Three months ago I made a prediction that Capitalism would draw a larger audience than the Fox-sponsored Tea Baggings. So how did I do?

With ticket sales of $4.85 million, and an average ticket price of $7.18, it comes to about 675,000 tickets sold. That number is higher than any estimate of the Tax Day Tea Parties last April. In addition, the attendees of the 9/12 Tea Bagging in Washington were estimated to have been about 60,000 to 70,000. That estimate was provided unofficially by the DC Fire Department. There were other debunked estimates that went as high as 2 million, and they came with photo documentation. The only problem was that the photo was proven to be from a rally that took place over ten years prior. So if we throw out the ludicrous seven-figure fabrications, it would still take ten times the Fire Department’s numbers to approach (yet still fall short of) the audience for just one weekend of Capitalism’s attendance.

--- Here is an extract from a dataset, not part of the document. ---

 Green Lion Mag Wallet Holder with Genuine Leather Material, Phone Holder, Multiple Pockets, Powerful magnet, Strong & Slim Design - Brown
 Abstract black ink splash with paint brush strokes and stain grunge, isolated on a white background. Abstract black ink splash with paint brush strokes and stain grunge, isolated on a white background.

Conclusion? I was right! So what’s the significance of this foresight? It isn’t that I’m an uncommonly gifted observer of politics and media (well, not just that, anyway). As I wrote last June, the media made quite a spectacle of both the Tax Day Tea Baggings and the 9/12 event. The implication was that any public gathering that attracted such a crowd should be regarded as statement of the public’s mood. If that’s the case, and if Moore’s movie performs the same or better as an attraction, then wouldn’t that make this event at least as representative of the public mood as the Tea Parties were said to be? Wouldn’t that suggest that it deserves at least as much attention from Fox News and the rest of the media?

So far, Sean Hannity has not hosted a live, on location event with thousands of cheering Moore supporters. Glenn Beck has not assembled throngs of patriotic Americans who agree with Moore that our economic system is dangerously flawed. We haven’t even seen Griff Jenkins cheerleading for the film and riding along on bus tours promoting it. What’s more, the rest of the press is not treating this cinema sensation, that is outperforming the Fox-sponsored rallies by every measure, with equivalent resources and exposure.

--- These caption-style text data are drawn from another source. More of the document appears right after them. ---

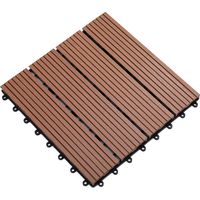 Piastrelle per Esterni ad Incastro Antiscivolo HDPE Riciclato 11 Pezzi Marrone 30x30x2,2 cm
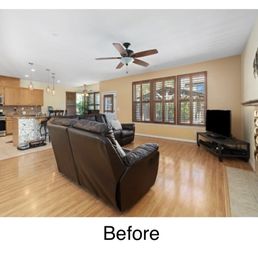 Before orange/yellow walls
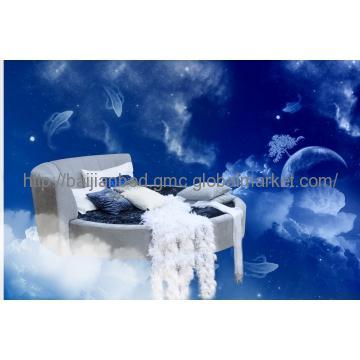 Round Bed, Fabric Round Bed, Bedroom Round Bed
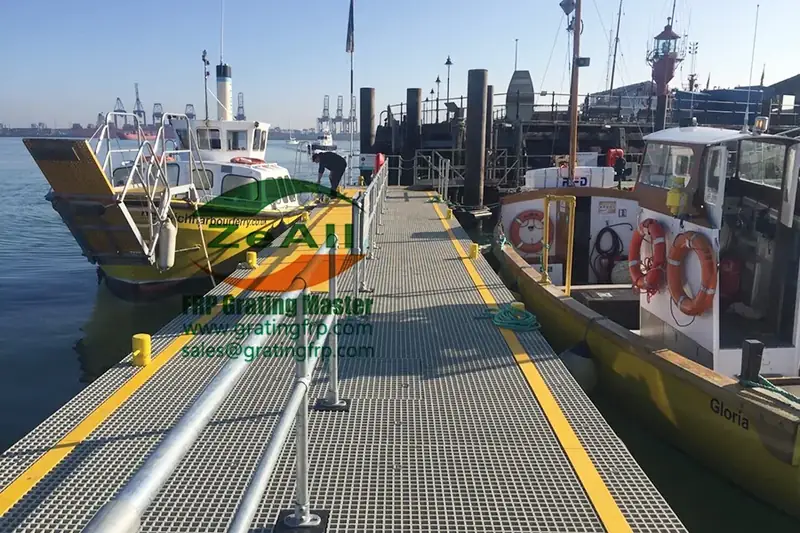 FRP fiberglass grating jetty deck marine offshore platform saltwater corrosion resistant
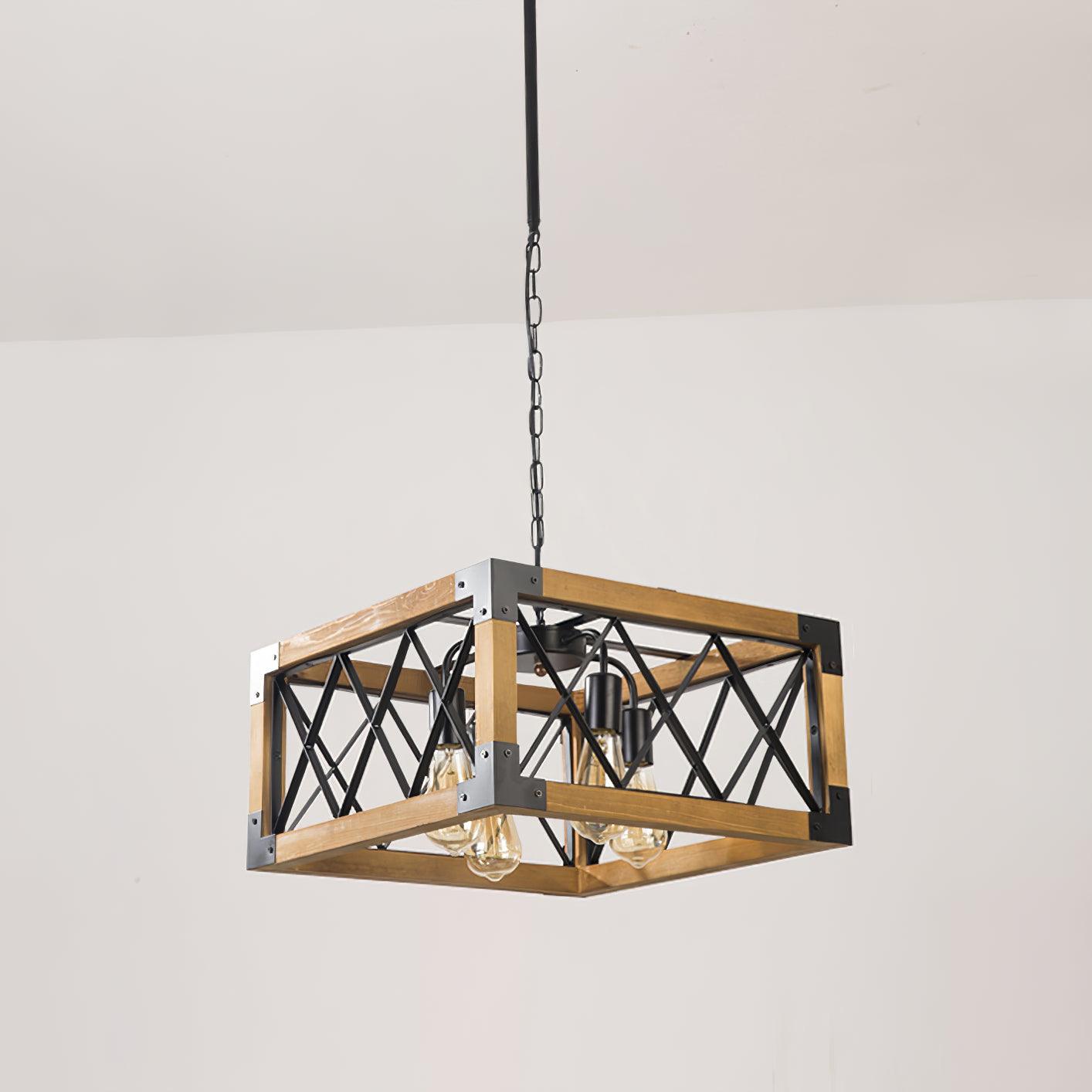 Grid Kitchen Island Rectangle Chandelier-Neutral Decor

The fact that Capitalism produced a bigger turnout than the Tea Parties should guide coverage of, not just the movie, but the issues underlying. It ought to inform the press corps that Americans are expressing their views through the free market by actually paying to align themselves with a political position that is woefully underrepresented in the media. It ought to put the lie to the claim that Tea Baggers were non-partisan opponents of reckless government spending. Were that true, they would be flocking to Moore’s movie which addresses the very issues they claimed to be so riled up about. Instead they are bashing the movie, without having even seen it.

Capitalism, the economic system, is demonstrating that Capitalism, the movie, is a far better gauge of where America is today than the lame tea socials that were so heavily promoted by Fox News and the rightist media. Despite not having anywhere near the promotional boost, or the free publicity from Fox, the movie is proving that Americans are far more interested in honesty and fairness in government than in pandering to the giant multinational corporations who got us into this mess in the first place. The Beck’s and O’Reilly’s and Hannity’s of the world pretend to be guardians of the people’s welfare, but in reality they are defenders of greed and deregulation and all of the worst faults of unbridled capitalism. When will the press recognize this and balance their coverage with reports on what the film’s success really means?

It’s is rather ironic that the success of the movie, in which Moore describes capitalism as “evil,” is also a demonstration of the free market voting for Moore’s perspective on free markets. God bless America.